I wanted to know how to approach the question of:
Given a metric on $\mathbb{R}^2$ does a continuous map $f:\mathbb{R}^2 \to \mathbb{R}^2 $ with the following property:
$$f([0,1]\times[0,1]) = \mathbb{R}^2 $$
exist ?
I currently am a little clueless on how to think about it. I would guess we can work with the map of $f^{-1}$ on our map. But again not really sure. A little pointer in the right direction might do the trick though.
Any help is greatly appreciated.
No such a function cannot exist. Continuous image of a compact set is a compact set, but $\mathbb{R}^2$ is not compact.

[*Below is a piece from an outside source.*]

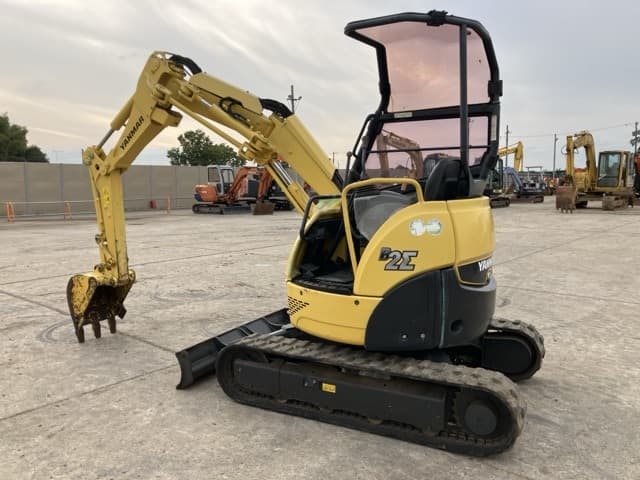 MINI EXCAVATOR — Auction (lot 8457-123)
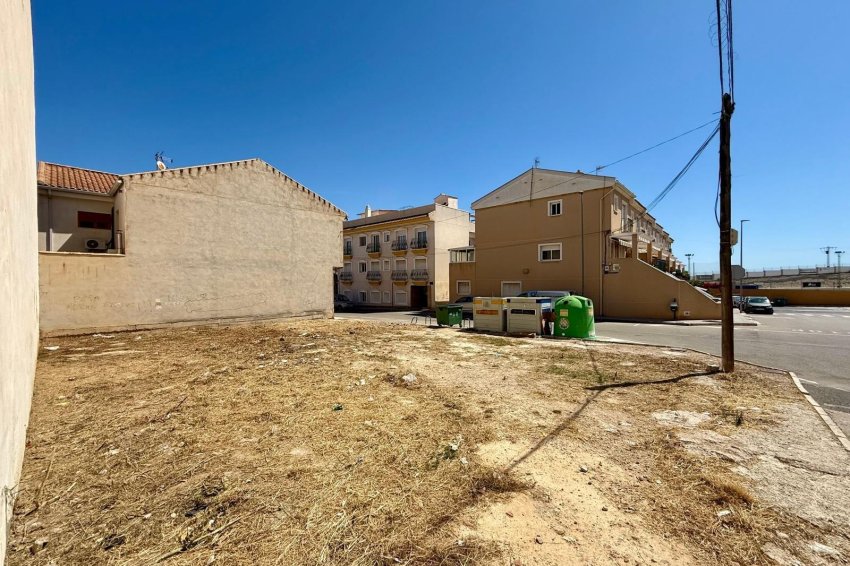 Resale - Plot / Land -
San Miguel - CENTRO URBANO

I'd suggest the discrete one: $d(x, y) = 1$ if $x \neq y$ and $d(x, y) = 0$ if $x = y$. The discrete metric induces the discrete topology, i.e. every subset is open. To see this, observe that the ball of radius $1/2$ centered at a point $x$ is precisely the singleton $\{x\}$. Every function out of a discrete space is continuous, since every subset is open. Thus, you need only find a function with $f[[0, 1] \times [0, 1]] = \mathbb R^2$. I'd rather not write one down explicitly, but however you have proven that these sets have the same cardinality will produce such a function. If you're unfamiliar with why these sets have the same cardinality, here are some relevant links:
bijection between open and closed intervals
bijection between open interval and \mathbb R
You can combine these to get a bijection $f: [0, 1] \times [0, 1] \longrightarrow \mathbb R^2$ which is then continuous in the discrete topology.